- Cover for Wacky Raceland #1 (May 2016), art by Leonardo Manco

Publication information
- Publisher: DC Comics
- Schedule: Monthly
- Format: Limited series
- Genre: Science fiction
- Publication date: May 2016 – December 2016
- No. of issues: 6
- Main character: List Dick Dastardly and Muttley Penelope Pitstop Peter Perfect Professor Patrick "Pat" Pending The Ant Hill Mob Lazy Luke and Blubber Bear The Red Baron Rufus Ruffcut and Sawtooth Sergeant Blast and Private Meekly The Gruesome Twosome The Slag Brothers The Announcer ;

Creative team
- Written by: Ken Pontac
- Artist: Leonardo Manco
- Colorist: Mariana Sanzone
- Editor: Marie Javins

Collected editions
- Wacky Raceland: ISBN 9781401268275

= Wacky Raceland =

Comic book series

Wacky Raceland is a comic book series that re-imagines the cast of Wacky Races competing in a desert wasteland, reminiscent of the Mad Max film series, full of obstacles, towards a single goal, Utopia, mankind's last safe haven. It is also one of four comic books introduced by DC Comics in 2016 as part of the comic book initiative Hanna-Barbera Beyond, along with Scooby Apocalypse, Future Quest and The Flintstones.

==Characters==
- Dick Dastardly and Muttley are drivers of the Mean Machine and are known by the other racers for being the biggest cheaters in racing.

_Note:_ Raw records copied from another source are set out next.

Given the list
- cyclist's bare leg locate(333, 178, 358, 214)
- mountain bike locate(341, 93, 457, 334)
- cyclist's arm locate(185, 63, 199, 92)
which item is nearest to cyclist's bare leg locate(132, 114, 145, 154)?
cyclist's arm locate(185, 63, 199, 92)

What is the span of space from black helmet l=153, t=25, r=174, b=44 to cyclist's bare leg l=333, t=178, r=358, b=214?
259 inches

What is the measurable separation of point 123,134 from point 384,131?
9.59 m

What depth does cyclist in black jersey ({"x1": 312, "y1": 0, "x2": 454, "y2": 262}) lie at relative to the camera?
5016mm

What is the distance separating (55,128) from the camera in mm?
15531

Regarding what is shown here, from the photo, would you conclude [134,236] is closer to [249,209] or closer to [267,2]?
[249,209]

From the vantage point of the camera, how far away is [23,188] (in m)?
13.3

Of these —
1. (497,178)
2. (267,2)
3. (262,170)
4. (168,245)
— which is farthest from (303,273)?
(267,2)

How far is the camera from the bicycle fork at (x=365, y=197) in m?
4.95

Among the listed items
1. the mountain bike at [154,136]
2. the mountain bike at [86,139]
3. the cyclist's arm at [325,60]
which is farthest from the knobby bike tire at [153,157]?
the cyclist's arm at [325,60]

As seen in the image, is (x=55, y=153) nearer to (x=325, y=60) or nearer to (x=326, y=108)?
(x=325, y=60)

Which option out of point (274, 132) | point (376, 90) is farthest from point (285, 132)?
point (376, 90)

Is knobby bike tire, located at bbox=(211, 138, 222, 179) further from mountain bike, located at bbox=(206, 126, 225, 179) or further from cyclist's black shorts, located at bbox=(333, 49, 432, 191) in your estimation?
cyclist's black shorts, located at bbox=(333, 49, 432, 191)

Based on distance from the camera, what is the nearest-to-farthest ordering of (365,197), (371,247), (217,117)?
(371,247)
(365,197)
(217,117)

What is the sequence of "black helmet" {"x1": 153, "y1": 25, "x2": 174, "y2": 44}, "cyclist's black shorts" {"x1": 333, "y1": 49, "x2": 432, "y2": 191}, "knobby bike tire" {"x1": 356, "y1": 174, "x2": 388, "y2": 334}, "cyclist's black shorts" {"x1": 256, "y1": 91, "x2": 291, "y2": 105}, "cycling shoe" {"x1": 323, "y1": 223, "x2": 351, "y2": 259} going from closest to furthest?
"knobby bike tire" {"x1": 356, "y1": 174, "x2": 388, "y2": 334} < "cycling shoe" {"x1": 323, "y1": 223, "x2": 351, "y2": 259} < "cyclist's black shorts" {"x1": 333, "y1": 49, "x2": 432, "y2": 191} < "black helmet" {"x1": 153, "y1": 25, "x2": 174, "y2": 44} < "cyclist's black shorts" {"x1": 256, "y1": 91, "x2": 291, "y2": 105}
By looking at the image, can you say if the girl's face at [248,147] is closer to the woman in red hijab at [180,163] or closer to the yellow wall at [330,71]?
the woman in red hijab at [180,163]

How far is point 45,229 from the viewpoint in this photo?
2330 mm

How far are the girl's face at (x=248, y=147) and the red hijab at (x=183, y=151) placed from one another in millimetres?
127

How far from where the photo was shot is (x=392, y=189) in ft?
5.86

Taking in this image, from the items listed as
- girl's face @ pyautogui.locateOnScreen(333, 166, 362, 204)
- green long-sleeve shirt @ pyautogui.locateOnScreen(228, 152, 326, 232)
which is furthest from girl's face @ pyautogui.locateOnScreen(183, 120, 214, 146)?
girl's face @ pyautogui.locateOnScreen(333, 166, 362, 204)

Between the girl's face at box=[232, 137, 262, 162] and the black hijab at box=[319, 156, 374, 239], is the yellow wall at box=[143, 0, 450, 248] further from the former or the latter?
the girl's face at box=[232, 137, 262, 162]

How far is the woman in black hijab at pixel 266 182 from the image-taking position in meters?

Before the apocalypse, Dastardly was a world-renowned pianist called Richard D'Astardlien, who lost his wife and son due to his cowardice during a nanite attack. As for Muttley, he is a mutated and robotically enhanced dog whose intelligence and aggressiveness were slightly enhanced thanks to his exposure to the "SC-00-B2" serum, created in the Butcher Shop as one of the many projects overseen by Professor Pat Pending.
- Penelope Pitstop: Driver of the Compact Pussycat, Penelope Pitstop is a tough, no-nonsense young girl who takes no orders from anyone and sees herself as a strong and independent woman in a world where the strongest prevail. She has a close bond with her car, stating that they are full-time partners in the race, looking out for one another. Before the apocalypse, Penelope lived in the Greek island of Aegina, with her mother and her sister, who were killed by a tsunami that destroyed the island.
- Peter Perfect: Driver of the Turbo Terrific, Peter Perfect is seen by the other racers as Earth's last Boy Scout, mostly because of the way he acts, upholding the rules of chivalry. Unlike most of his fellow racers, Peter believes that even though the world has ended, it does not mean one should act and behave like a savage. A natural driver, he is also a bit of a scaredy-cat, trying to make a good impression in front of Penelope, whom he has a soft spot for.
- Professor Patrick "Pat" Pending: Driver of the Convert-a-Car, Professor Pat Pending is an erudite and slightly insane scientist who, in the past, was head of the projects and scientific experiments conducted in a private research facility called "the Butcher Shop". Among those experiments were some of the individuals that would later join the Wacky Race, as well as creations that caused the end of the world. With an insane yet brilliant mind at his disposal, he makes his job keeping the racers alive and secretly needs them to accomplish a goal that he set for himself a long time ago. It is revealed that he subliminally programmed the Announcer to create the Race (and the racers) so that he would have an army to destroy her.
- The Ant Hill Mob: Drivers of the Bulletproof Bomb, the Ant Hill Mob are a group of gangster-like albino midgets with a hive mind mentality composed of seven members, named I to VII, with V (pronounced Vee) as their leader. Although sharing a hive mind, the seven members of the Ant Hill Mob can think and act for themselves separately. They were part of an experiment conducted by Professor Pat Pending in the Butcher Shop, which manufactured them in a cloning facility in order to be used as cheap manpower for the military.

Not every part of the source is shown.